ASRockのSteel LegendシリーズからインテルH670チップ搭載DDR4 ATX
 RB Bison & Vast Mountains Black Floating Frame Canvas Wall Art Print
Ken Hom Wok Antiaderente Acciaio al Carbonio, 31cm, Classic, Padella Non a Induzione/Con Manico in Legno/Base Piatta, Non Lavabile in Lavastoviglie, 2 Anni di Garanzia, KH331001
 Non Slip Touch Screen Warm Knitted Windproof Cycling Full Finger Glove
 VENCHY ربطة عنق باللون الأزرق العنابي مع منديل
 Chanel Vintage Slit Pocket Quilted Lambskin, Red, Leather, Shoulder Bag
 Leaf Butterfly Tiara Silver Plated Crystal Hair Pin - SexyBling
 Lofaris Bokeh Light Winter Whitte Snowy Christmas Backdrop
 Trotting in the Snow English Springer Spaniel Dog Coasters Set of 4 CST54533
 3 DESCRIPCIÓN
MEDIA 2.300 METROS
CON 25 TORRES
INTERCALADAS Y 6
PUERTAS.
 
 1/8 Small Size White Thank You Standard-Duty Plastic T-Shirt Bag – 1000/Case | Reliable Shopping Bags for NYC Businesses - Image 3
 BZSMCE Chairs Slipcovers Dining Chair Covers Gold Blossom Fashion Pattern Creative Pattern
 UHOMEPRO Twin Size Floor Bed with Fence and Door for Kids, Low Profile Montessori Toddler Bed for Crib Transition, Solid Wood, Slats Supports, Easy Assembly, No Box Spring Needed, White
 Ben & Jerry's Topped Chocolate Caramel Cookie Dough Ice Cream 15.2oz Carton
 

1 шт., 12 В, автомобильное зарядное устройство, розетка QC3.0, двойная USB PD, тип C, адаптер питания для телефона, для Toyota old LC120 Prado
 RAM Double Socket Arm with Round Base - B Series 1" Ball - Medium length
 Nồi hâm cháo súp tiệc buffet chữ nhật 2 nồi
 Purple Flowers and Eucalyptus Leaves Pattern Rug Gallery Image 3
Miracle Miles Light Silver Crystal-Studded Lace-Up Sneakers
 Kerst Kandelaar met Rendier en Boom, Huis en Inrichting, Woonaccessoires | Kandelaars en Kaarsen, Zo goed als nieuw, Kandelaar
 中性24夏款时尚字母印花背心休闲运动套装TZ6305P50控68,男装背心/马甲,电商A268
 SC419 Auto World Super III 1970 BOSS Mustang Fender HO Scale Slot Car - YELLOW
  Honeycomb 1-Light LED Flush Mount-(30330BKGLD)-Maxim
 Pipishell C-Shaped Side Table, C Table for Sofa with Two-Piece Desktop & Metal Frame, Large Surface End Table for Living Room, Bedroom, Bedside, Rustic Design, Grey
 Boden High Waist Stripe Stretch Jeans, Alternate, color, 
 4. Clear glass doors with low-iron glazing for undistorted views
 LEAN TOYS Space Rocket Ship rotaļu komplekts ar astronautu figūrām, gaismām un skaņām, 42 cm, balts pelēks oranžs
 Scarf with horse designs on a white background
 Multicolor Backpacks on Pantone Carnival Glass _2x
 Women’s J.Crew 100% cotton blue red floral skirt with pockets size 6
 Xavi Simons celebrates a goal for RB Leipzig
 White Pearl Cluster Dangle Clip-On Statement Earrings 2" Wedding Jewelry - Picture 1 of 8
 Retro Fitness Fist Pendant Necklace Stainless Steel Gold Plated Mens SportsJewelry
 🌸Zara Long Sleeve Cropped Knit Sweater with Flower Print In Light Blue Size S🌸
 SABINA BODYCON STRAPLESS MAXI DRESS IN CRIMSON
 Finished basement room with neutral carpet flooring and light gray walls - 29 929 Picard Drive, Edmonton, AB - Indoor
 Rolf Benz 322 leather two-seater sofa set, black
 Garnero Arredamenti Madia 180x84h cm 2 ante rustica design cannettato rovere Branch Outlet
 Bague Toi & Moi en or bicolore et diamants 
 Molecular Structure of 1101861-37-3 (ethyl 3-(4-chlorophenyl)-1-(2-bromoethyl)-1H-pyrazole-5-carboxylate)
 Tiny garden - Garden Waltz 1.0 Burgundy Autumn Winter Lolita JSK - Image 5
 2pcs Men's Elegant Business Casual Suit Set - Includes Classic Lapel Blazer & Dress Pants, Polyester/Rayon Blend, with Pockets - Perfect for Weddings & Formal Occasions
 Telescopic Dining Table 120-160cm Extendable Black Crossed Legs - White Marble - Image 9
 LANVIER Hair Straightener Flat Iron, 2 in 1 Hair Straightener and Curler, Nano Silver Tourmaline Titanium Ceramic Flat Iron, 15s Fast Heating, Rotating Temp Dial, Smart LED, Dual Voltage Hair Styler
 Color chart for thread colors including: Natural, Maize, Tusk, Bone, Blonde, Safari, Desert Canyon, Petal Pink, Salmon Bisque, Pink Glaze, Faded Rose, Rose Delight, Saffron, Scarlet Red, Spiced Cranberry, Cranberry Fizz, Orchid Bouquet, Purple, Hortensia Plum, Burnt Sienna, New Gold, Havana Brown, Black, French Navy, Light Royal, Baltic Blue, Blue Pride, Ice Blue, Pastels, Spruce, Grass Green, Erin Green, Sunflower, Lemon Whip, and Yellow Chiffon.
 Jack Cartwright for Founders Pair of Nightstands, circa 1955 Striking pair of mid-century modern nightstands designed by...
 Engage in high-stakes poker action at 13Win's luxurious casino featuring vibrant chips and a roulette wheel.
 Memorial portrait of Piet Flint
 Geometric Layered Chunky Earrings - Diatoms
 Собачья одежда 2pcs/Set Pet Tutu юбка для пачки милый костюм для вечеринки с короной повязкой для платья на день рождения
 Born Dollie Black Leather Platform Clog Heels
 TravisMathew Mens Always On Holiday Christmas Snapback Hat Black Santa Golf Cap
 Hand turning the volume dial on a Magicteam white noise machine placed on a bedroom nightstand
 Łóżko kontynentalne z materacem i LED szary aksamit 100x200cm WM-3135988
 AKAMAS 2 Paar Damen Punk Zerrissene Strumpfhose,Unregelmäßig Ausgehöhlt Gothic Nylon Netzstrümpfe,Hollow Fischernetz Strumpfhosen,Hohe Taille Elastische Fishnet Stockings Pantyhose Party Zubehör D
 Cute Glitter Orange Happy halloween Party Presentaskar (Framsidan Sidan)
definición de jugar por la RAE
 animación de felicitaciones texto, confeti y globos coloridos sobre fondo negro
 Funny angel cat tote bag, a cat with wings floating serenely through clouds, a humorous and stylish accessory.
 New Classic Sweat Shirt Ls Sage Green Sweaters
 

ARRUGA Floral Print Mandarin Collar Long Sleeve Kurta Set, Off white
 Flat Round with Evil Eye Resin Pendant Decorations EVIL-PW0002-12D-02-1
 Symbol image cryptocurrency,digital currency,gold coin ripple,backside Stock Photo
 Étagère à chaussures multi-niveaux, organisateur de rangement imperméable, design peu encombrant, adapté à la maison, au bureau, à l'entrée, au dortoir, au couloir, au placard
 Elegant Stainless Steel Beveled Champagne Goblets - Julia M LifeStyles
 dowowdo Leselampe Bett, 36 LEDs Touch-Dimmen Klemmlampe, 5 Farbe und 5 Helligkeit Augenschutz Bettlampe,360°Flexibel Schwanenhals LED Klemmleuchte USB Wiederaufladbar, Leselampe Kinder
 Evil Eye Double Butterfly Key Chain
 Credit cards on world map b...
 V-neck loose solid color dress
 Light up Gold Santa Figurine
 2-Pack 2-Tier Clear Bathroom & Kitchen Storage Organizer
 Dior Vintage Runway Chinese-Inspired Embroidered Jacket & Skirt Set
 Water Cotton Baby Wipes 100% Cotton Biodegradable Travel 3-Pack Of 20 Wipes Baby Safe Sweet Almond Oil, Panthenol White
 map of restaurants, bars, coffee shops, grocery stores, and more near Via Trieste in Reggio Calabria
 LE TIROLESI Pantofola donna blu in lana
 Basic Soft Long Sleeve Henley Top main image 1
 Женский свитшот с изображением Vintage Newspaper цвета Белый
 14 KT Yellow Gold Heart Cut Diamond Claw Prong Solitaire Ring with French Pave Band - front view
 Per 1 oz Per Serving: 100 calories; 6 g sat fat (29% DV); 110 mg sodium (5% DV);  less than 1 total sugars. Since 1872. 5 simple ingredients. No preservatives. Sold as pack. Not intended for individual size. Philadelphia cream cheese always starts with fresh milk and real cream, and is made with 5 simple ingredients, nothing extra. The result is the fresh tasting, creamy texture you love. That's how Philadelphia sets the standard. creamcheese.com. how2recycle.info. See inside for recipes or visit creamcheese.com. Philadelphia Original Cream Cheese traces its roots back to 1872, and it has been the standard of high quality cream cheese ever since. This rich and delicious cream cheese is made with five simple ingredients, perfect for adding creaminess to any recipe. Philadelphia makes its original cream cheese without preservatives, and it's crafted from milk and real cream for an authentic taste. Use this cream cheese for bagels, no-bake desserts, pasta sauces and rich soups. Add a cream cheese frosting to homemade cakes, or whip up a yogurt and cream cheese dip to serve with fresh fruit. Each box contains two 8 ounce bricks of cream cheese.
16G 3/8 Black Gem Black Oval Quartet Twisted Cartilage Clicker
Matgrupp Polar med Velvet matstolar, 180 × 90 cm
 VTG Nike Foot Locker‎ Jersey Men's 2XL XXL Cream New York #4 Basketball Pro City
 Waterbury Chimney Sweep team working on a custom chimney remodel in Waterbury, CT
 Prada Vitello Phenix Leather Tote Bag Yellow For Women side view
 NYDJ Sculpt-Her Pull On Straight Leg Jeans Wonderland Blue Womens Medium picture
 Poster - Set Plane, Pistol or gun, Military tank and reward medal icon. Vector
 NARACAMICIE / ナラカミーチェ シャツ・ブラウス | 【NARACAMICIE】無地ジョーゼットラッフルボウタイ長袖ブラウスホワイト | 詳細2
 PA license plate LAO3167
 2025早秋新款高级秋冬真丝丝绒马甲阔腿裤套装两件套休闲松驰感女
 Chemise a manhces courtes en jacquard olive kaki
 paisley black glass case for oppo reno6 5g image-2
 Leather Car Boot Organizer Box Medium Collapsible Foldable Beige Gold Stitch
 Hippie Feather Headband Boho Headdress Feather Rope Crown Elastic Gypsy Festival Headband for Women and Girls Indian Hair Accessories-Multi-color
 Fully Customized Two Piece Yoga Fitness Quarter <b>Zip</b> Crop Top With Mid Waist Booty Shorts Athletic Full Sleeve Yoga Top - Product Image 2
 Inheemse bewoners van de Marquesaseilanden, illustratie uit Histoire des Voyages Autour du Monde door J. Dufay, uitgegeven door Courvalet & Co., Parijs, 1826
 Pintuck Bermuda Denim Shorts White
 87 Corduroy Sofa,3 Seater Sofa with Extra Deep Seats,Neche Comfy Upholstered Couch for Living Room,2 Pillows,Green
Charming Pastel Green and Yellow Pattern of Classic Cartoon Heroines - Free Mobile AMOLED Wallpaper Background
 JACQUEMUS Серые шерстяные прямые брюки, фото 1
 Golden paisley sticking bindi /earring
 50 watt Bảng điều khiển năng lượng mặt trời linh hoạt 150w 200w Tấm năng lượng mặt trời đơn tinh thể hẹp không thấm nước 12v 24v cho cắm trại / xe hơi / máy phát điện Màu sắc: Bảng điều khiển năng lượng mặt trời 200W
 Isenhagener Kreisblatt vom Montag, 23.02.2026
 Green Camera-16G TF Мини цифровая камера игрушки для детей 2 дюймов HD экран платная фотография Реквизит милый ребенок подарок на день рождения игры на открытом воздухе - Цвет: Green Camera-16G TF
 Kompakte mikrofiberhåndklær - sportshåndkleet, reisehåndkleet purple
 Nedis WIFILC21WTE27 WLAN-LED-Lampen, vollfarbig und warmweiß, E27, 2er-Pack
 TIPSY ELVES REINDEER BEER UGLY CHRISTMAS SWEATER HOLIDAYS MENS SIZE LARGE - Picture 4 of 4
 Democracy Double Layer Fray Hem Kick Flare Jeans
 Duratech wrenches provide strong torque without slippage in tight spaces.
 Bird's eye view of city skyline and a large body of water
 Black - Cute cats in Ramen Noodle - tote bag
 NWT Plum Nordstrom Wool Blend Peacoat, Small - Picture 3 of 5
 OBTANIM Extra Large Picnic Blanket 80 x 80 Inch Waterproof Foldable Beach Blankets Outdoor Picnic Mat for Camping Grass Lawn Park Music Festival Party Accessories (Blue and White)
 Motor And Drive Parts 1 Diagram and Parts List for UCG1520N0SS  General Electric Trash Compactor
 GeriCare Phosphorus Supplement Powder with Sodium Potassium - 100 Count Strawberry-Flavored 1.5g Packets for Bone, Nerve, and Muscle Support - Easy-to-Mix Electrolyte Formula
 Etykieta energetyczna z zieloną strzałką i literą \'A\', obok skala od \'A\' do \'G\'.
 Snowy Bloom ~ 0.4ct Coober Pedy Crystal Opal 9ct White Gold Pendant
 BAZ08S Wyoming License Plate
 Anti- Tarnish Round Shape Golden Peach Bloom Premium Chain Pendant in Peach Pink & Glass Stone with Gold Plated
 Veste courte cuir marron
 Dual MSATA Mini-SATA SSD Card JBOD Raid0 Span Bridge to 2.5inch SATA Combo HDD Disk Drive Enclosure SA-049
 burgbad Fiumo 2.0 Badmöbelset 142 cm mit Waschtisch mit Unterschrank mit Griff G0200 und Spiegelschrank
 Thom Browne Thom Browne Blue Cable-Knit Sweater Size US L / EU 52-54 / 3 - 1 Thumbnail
==========
PROBLEM TO WORK ON: Look above for the line holding "Retro Fitness Fist", then set down exactly that line and every line after it up to and including the line holding "Łóżko kontynentalne z", with nothing else.

RESPONSE TO THE TASK:
 Retro Fitness Fist Pendant Necklace Stainless Steel Gold Plated Mens SportsJewelry
 🌸Zara Long Sleeve Cropped Knit Sweater with Flower Print In Light Blue Size S🌸
 SABINA BODYCON STRAPLESS MAXI DRESS IN CRIMSON
 Finished basement room with neutral carpet flooring and light gray walls - 29 929 Picard Drive, Edmonton, AB - Indoor
 Rolf Benz 322 leather two-seater sofa set, black
 Garnero Arredamenti Madia 180x84h cm 2 ante rustica design cannettato rovere Branch Outlet
 Bague Toi & Moi en or bicolore et diamants 
 Molecular Structure of 1101861-37-3 (ethyl 3-(4-chlorophenyl)-1-(2-bromoethyl)-1H-pyrazole-5-carboxylate)
 Tiny garden - Garden Waltz 1.0 Burgundy Autumn Winter Lolita JSK - Image 5
 2pcs Men's Elegant Business Casual Suit Set - Includes Classic Lapel Blazer & Dress Pants, Polyester/Rayon Blend, with Pockets - Perfect for Weddings & Formal Occasions
 Telescopic Dining Table 120-160cm Extendable Black Crossed Legs - White Marble - Image 9
 LANVIER Hair Straightener Flat Iron, 2 in 1 Hair Straightener and Curler, Nano Silver Tourmaline Titanium Ceramic Flat Iron, 15s Fast Heating, Rotating Temp Dial, Smart LED, Dual Voltage Hair Styler
 Color chart for thread colors including: Natural, Maize, Tusk, Bone, Blonde, Safari, Desert Canyon, Petal Pink, Salmon Bisque, Pink Glaze, Faded Rose, Rose Delight, Saffron, Scarlet Red, Spiced Cranberry, Cranberry Fizz, Orchid Bouquet, Purple, Hortensia Plum, Burnt Sienna, New Gold, Havana Brown, Black, French Navy, Light Royal, Baltic Blue, Blue Pride, Ice Blue, Pastels, Spruce, Grass Green, Erin Green, Sunflower, Lemon Whip, and Yellow Chiffon.
 Jack Cartwright for Founders Pair of Nightstands, circa 1955 Striking pair of mid-century modern nightstands designed by...
 Engage in high-stakes poker action at 13Win's luxurious casino featuring vibrant chips and a roulette wheel.
 Memorial portrait of Piet Flint
 Geometric Layered Chunky Earrings - Diatoms
 Собачья одежда 2pcs/Set Pet Tutu юбка для пачки милый костюм для вечеринки с короной повязкой для платья на день рождения
 Born Dollie Black Leather Platform Clog Heels
 TravisMathew Mens Always On Holiday Christmas Snapback Hat Black Santa Golf Cap
 Hand turning the volume dial on a Magicteam white noise machine placed on a bedroom nightstand
 Łóżko kontynentalne z materacem i LED szary aksamit 100x200cm WM-3135988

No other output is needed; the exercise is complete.